De nieuwe kerk was net op tijd klaar voor de rouwdiensten die volgden op de mijnramp die Beringen op 21 juni 1943 trof. Door een mijngasontploffing raakten op die dag twintig arbeiders en dertig Russische krijgsgevangenen zwaar gewond, waarvan er in de dagen daarna negen overleden. Nog groter was de menselijke tol die een Engels bombardement in 1944 eiste. Toen waren er maar liefst tachtig dodelijke slachtoffers in Beringen-Mijn te betreuren en raakten zo’n dertig huizen volledig verwoest. Na afloop van de oorlog was het niet alleen de herbouw van deze  woningen, maar ook de huisvesting van een toestroom aan buitenlandse mijnwerkers in het kader van ‘Operatie Kolenslag’ die de woningbouw in de cité weer op volle toeren liet draaien.

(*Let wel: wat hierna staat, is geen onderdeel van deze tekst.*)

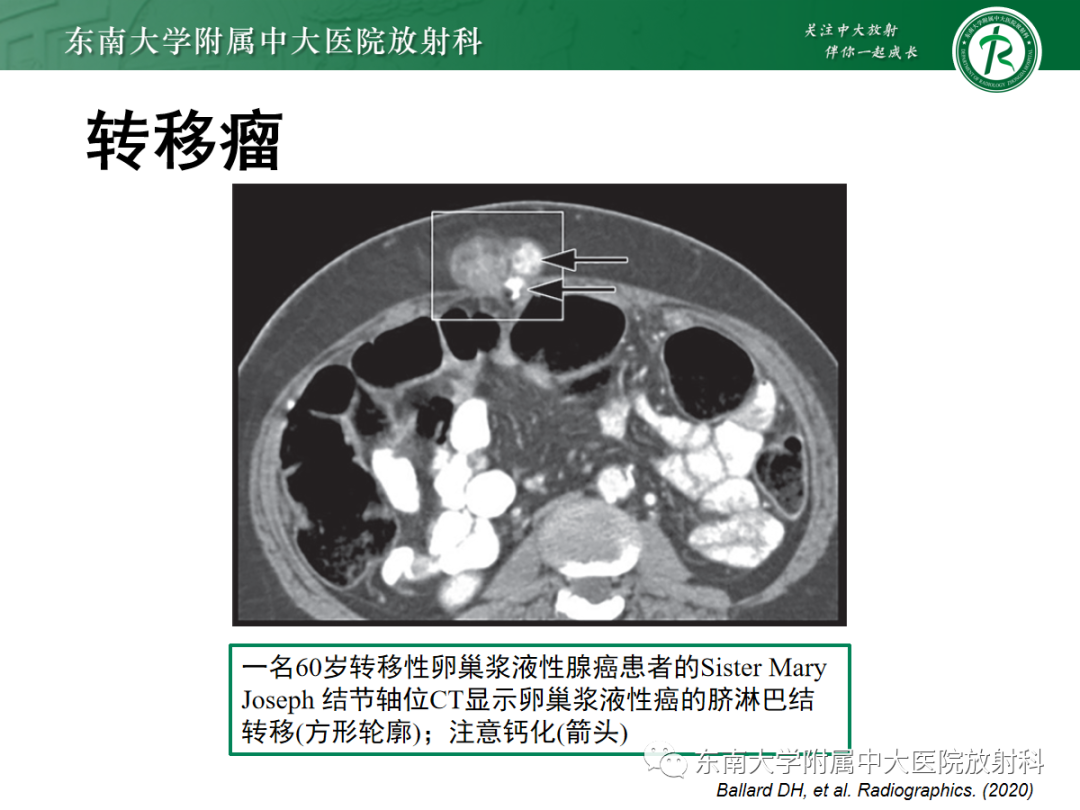 影像PPT - 【PPT】腹壁韧带样纤维瘤病-15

Van tuinwijken in cottage-stijl langs vloeiende assen was toen geen sprake meer en men viel terug op monotone wijken volgens een rechthoekig stratenpatroon. Door de sterk toegenomen bevolking was het onvermijdelijk dat er extra voorzieningen kwamen zoals scholen, winkels, cafés, een bibliotheek, een ziekenhuis en zelfs een voetbalstadion. In laatstgenoemde arena speelde Beringen FC haar thuiswedstrijden en wist dat in de jaren zestig zelfs acht seizoenen in de Eerste Klasse van het Belgische voetbal vol te houden. Het was ook in die tijd dat er achter de woningbouw in  Beringen-Mijn een punt werd gezet. Met bijna negenhonderdduizend ton steenkool had de jaarproductie in 1956 haar hoogtepunt bereikt en was inmiddels op haar retour. Dat gold ook voor het personeelsbestand, dat in 1948 gepiekt had met iets minder dan zevenduizend werknemers op de loonlijst, maar door voortschrijdende mechanisatie nog sneller zou teruglopen dan de productie. Niettemin was het steeds moeilijker om aan dat personeel te komen en net als in andere steenkolenmijn moest ook in Beringen een beroep gedaan worden op gastarbeiders uit verre landen. Door deze naoorlogse immigranten en hun grote gezinnen groeide Beringen uit tot de op twee na grootste gemeente van Belgisch Limburg.Beringen (6)Afbeelding 6: De vijftig meter hoge schachtbokken met hun ophaalgebouwen.